Your output must consist of the records printed verbatim, with the pictures excluded.

= Beginning of Section =

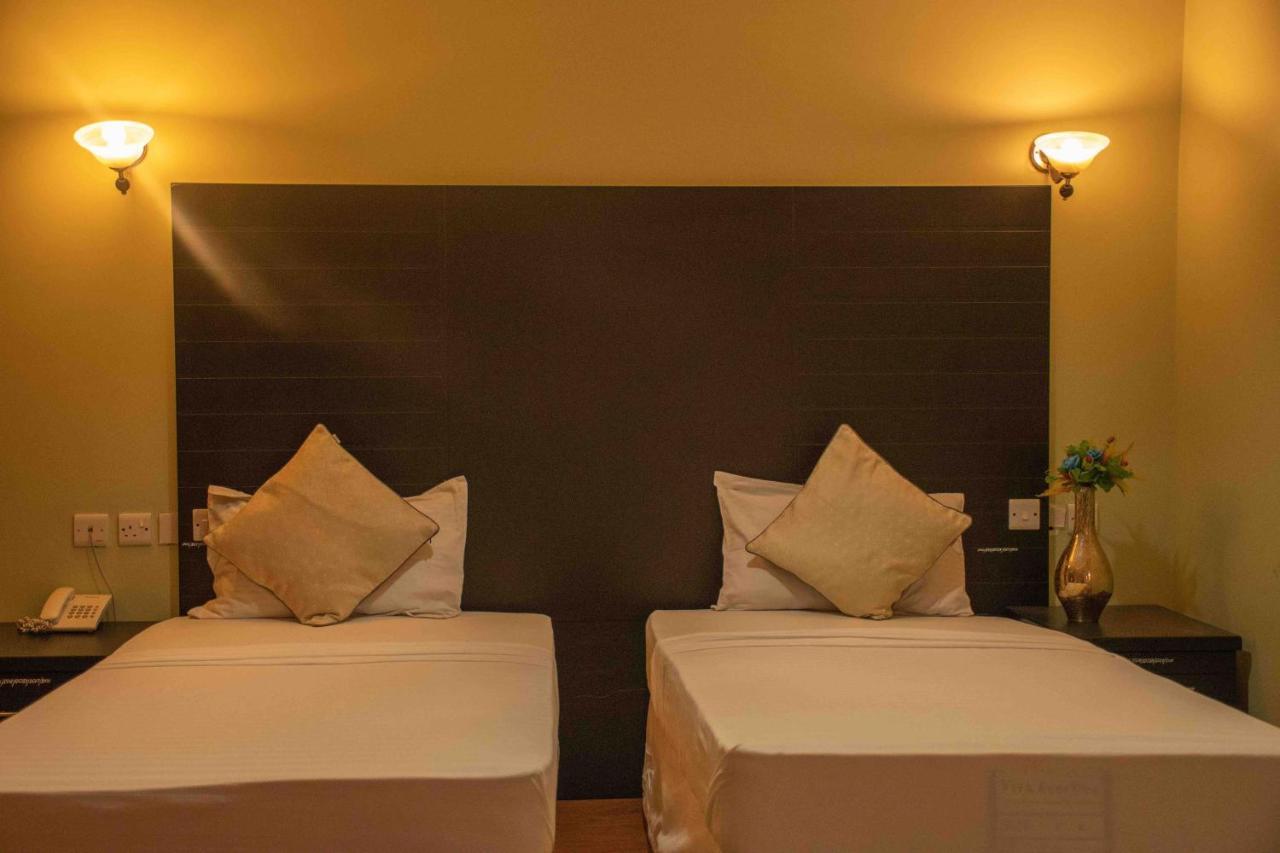 Panone Hotel Boma Boma la Ngombe Ngoại thất bức ảnh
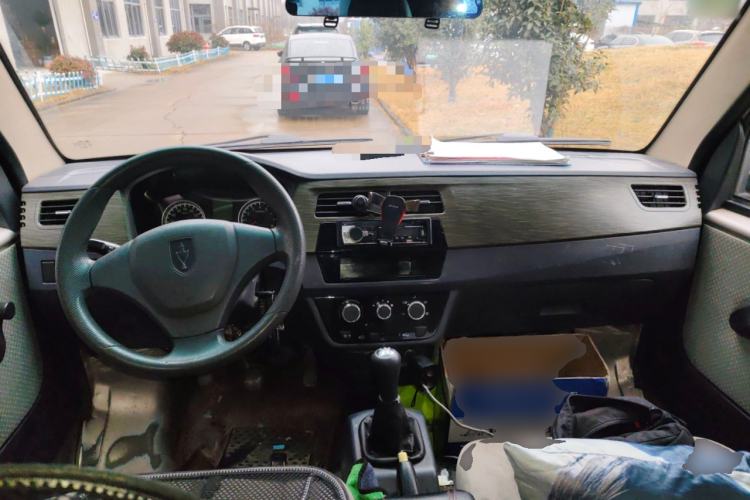 Used Jinbei Hiace X30 2020 1.5L Super-Comfortable Version China VI Standard SWC15M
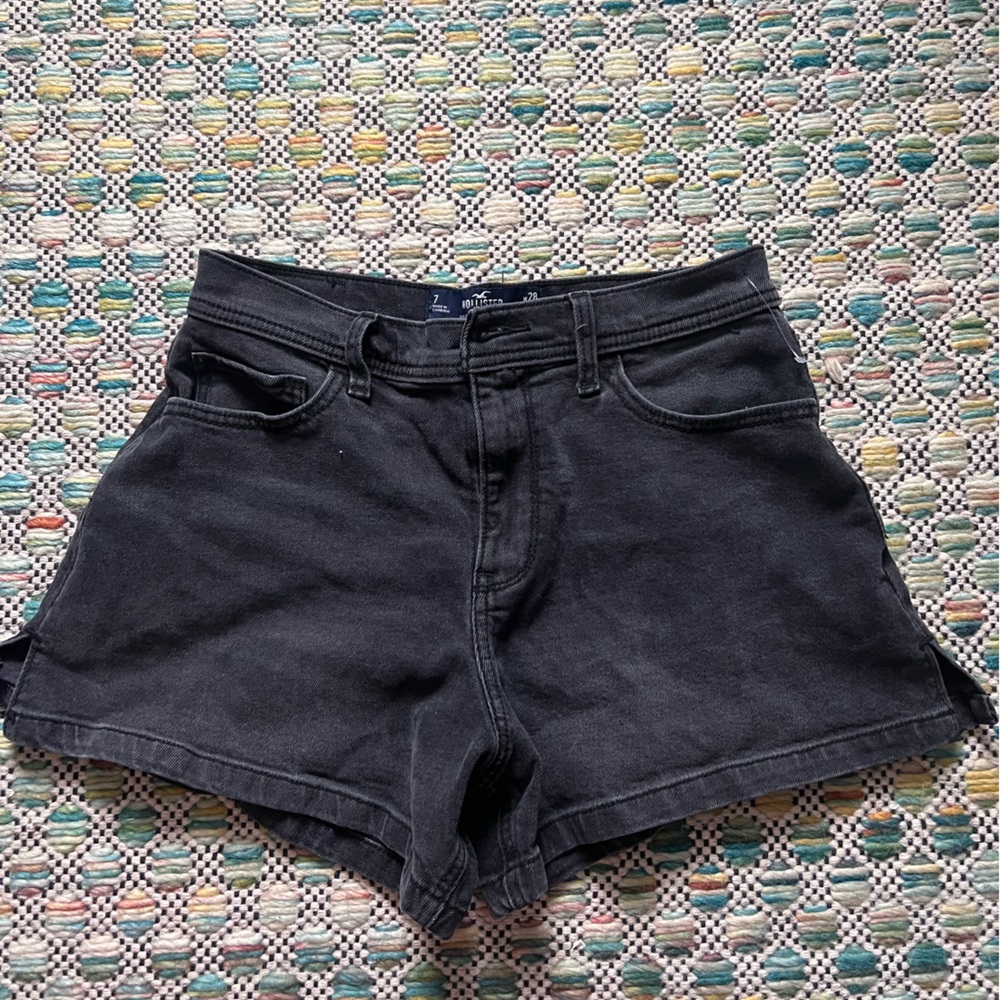 HOLLISTER DENIM SHORTS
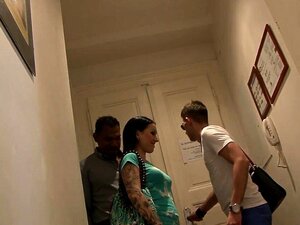 Esposa vulgar follada por negro frente al marido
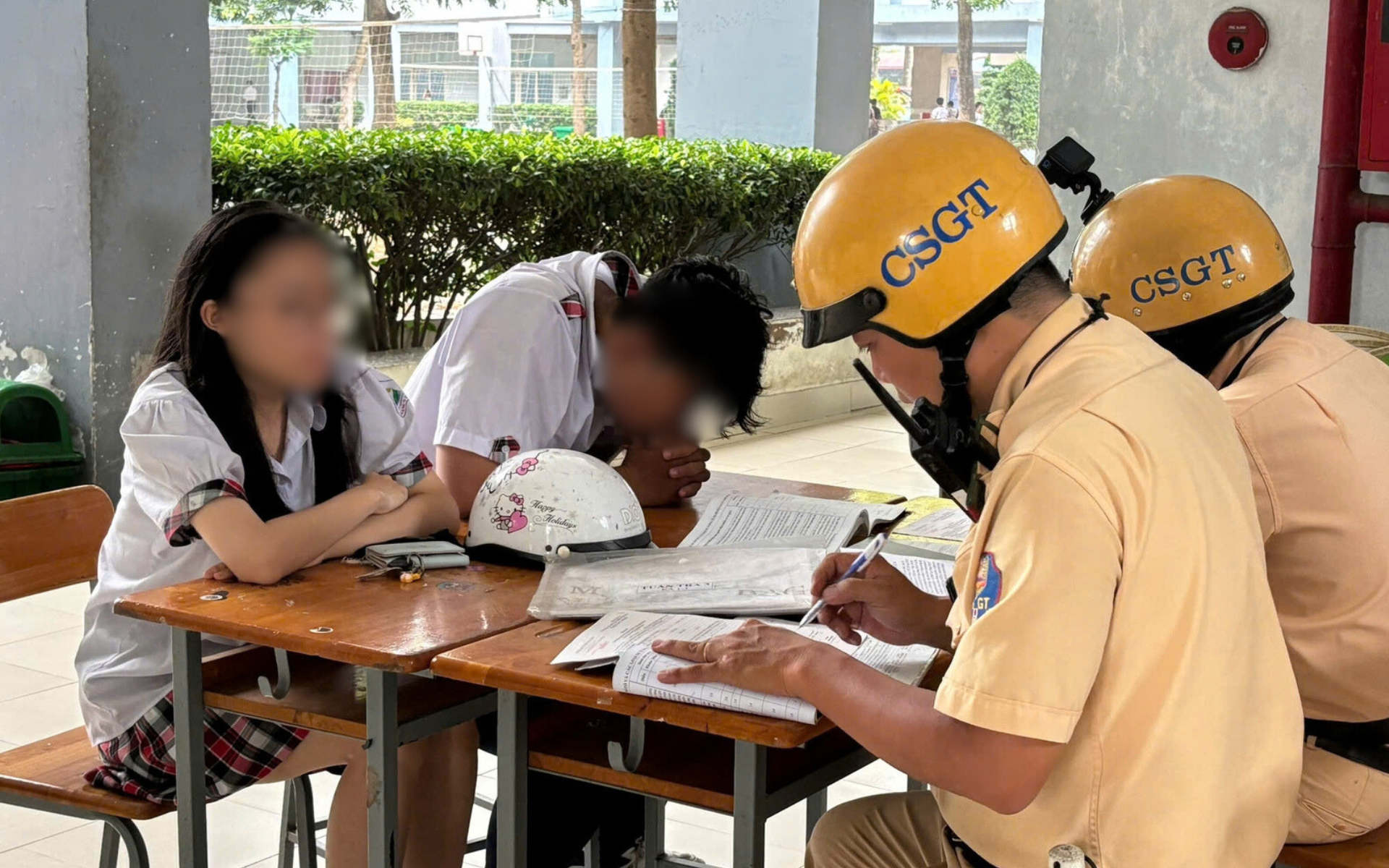 胡志明市交警检查学校停车场，发现多名学生违规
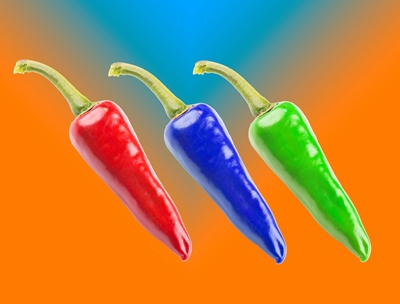 Värikkäitä pepperoneja
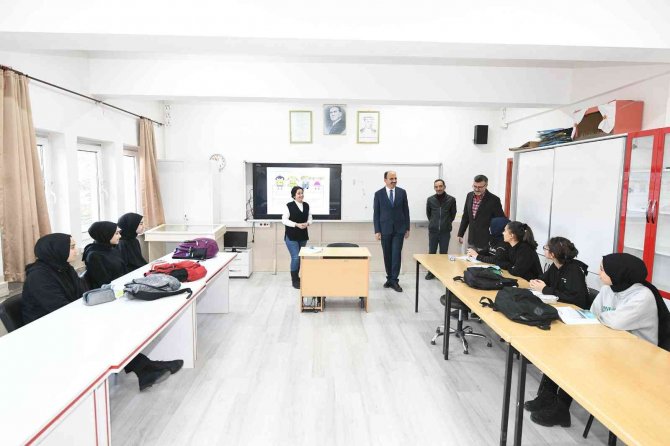 Başkan Altay: “Yarınlarımızı İnşa Edecek Gençlerimize Güveniyorum”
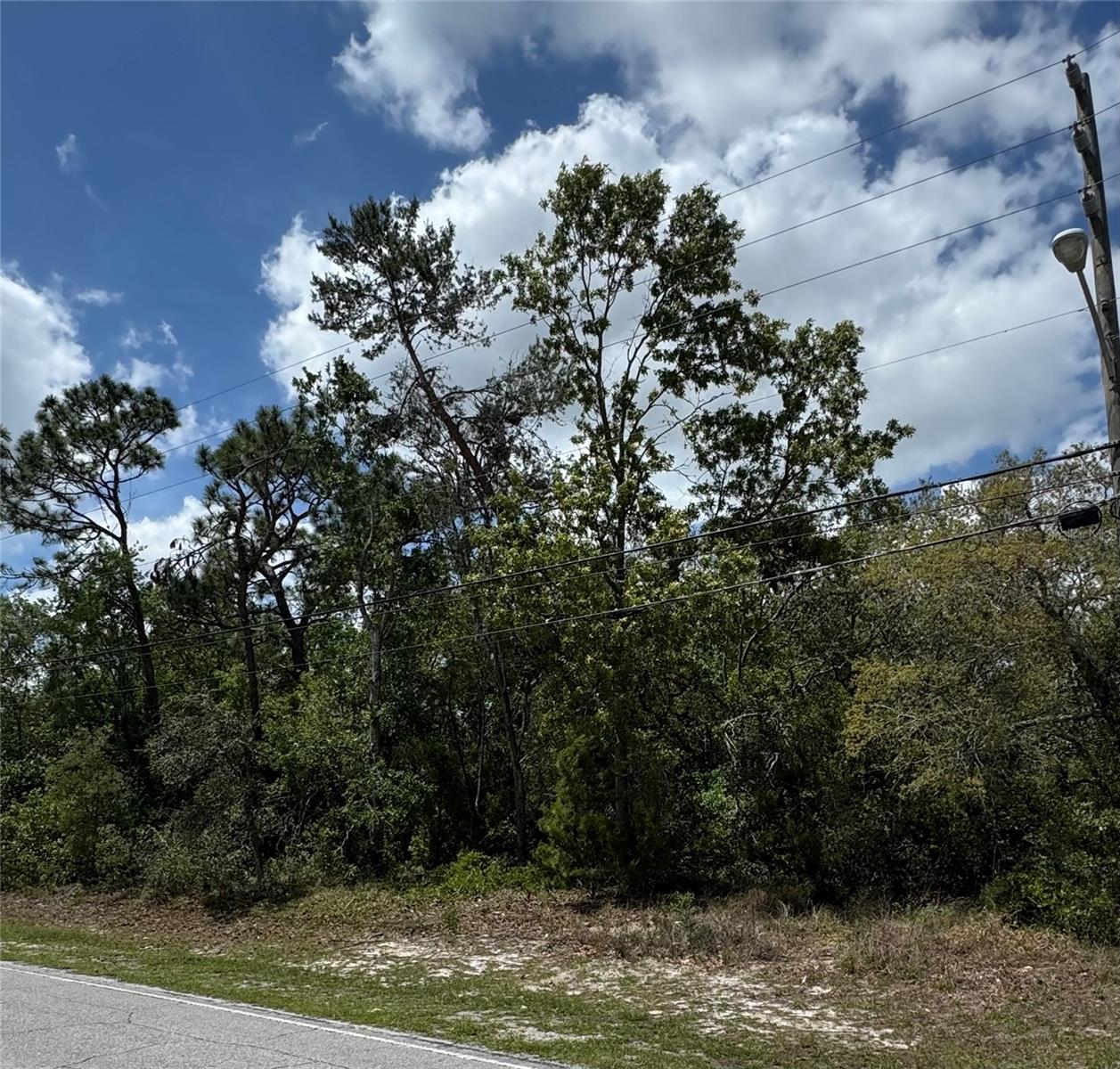 Listing photo id 1 for 2185 Waterfall Drive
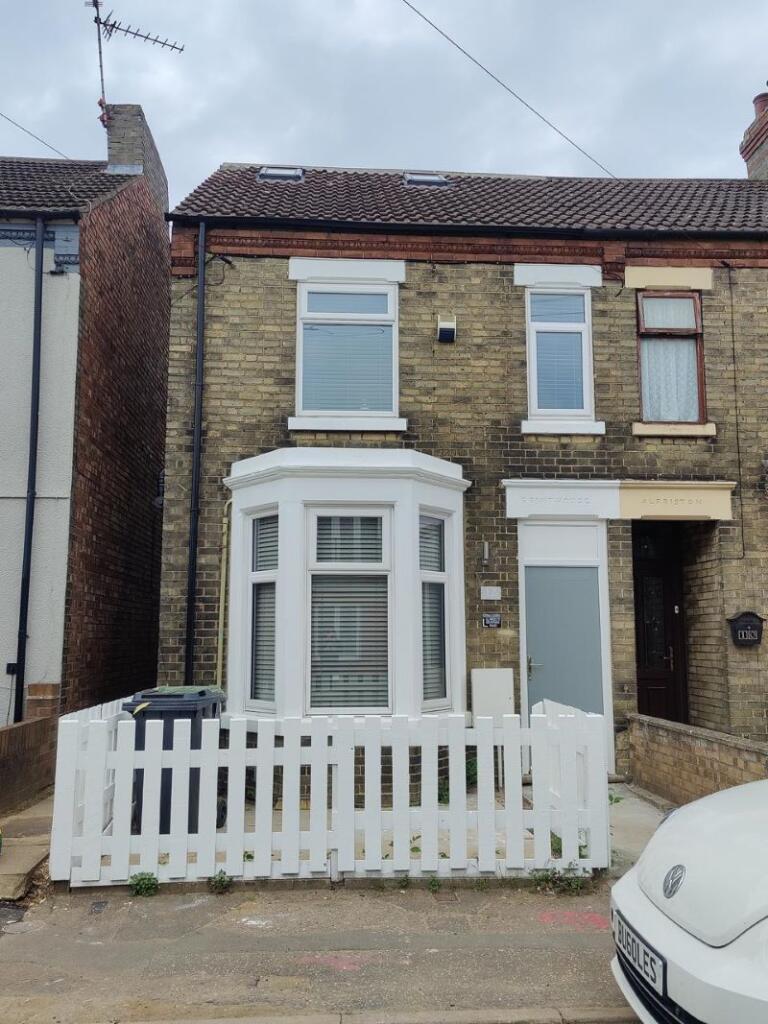 Main image of property: 12 South View Road, Peterborough, Cambridgeshire, PE4 6AG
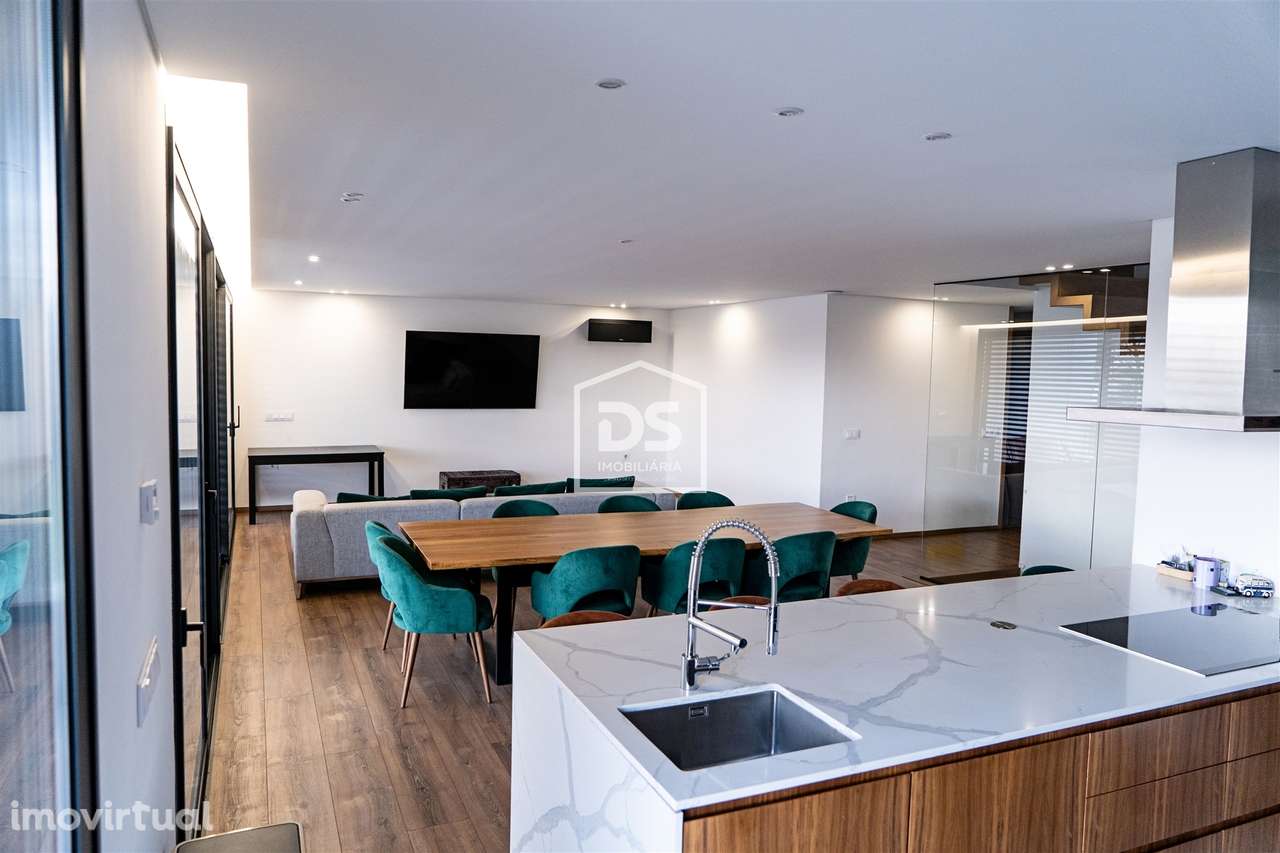 MORADIA DE LUXO T3 + ESCRITORIO - CENTRO DE PAÇOS DE FERREIRA - Grande imagem: 4/33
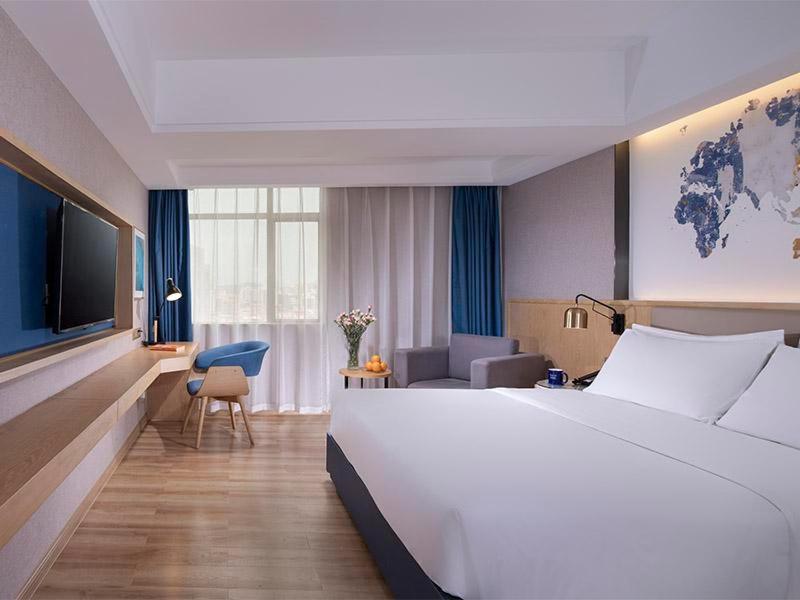 Kyriad Marvelous Hotel Dongguan Changan Light Rail Station Bagian luar foto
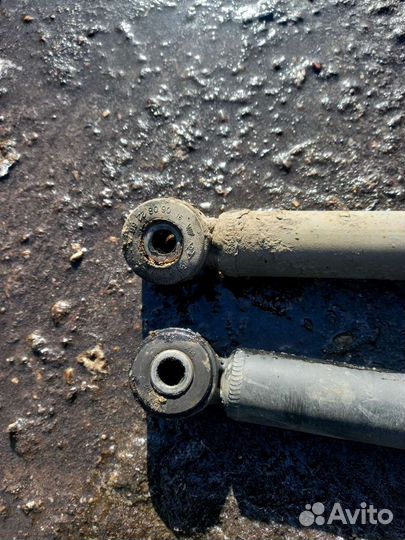 Рено логан задний амартизатор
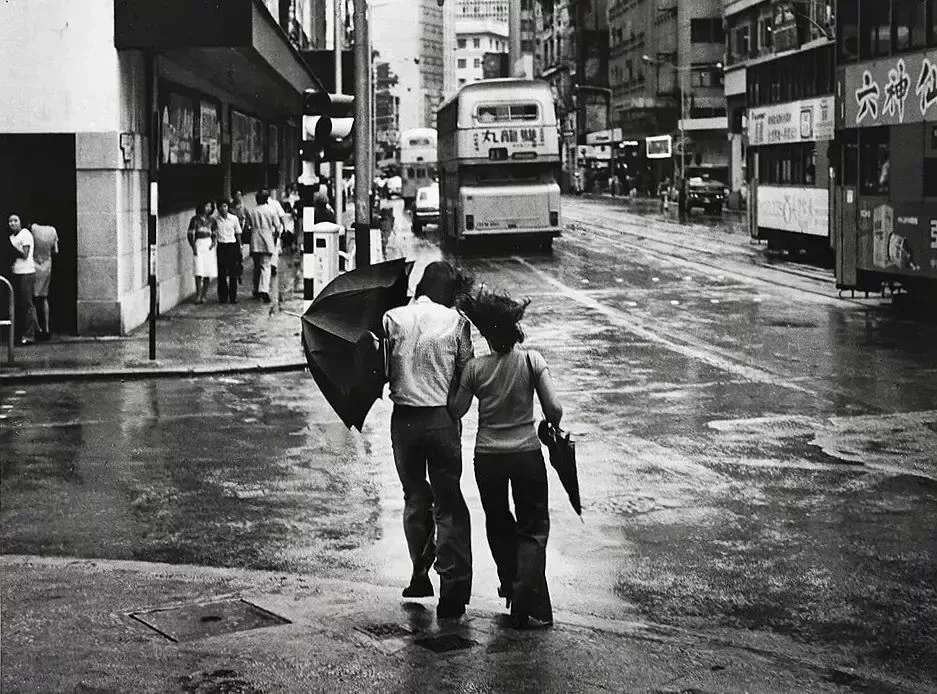 情侶打傘,1960-70年代。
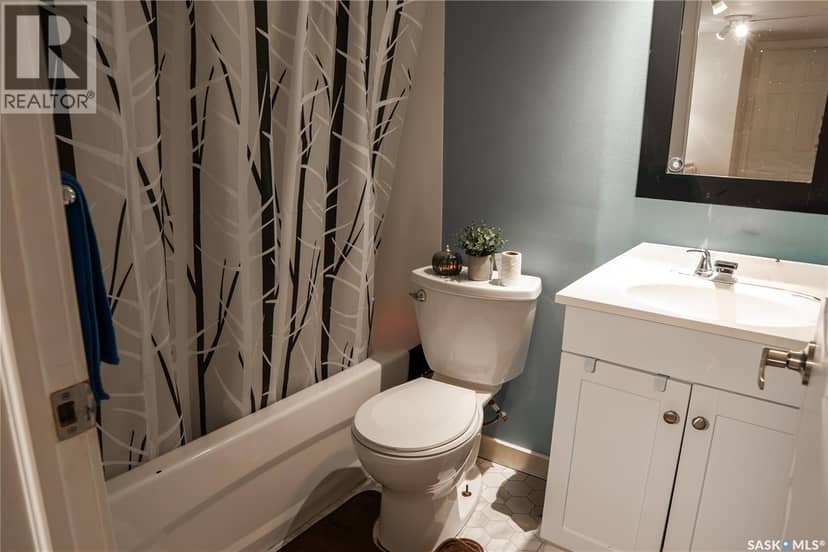 2128 Osler STREET — photo 32 of 35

= End of Section =

* Exercise result:
 Panone Hotel Boma Boma la Ngombe Ngoại thất bức ảnh
 Used Jinbei Hiace X30 2020 1.5L Super-Comfortable Version China VI Standard SWC15M
 HOLLISTER DENIM SHORTS
 Esposa vulgar follada por negro frente al marido
 胡志明市交警检查学校停车场，发现多名学生违规
 Värikkäitä pepperoneja
 Başkan Altay: “Yarınlarımızı İnşa Edecek Gençlerimize Güveniyorum”
 Listing photo id 1 for 2185 Waterfall Drive
 Main image of property: 12 South View Road, Peterborough, Cambridgeshire, PE4 6AG
 MORADIA DE LUXO T3 + ESCRITORIO - CENTRO DE PAÇOS DE FERREIRA - Grande imagem: 4/33
 Kyriad Marvelous Hotel Dongguan Changan Light Rail Station Bagian luar foto
 Рено логан задний амартизатор
 情侶打傘,1960-70年代。
 2128 Osler STREET — photo 32 of 35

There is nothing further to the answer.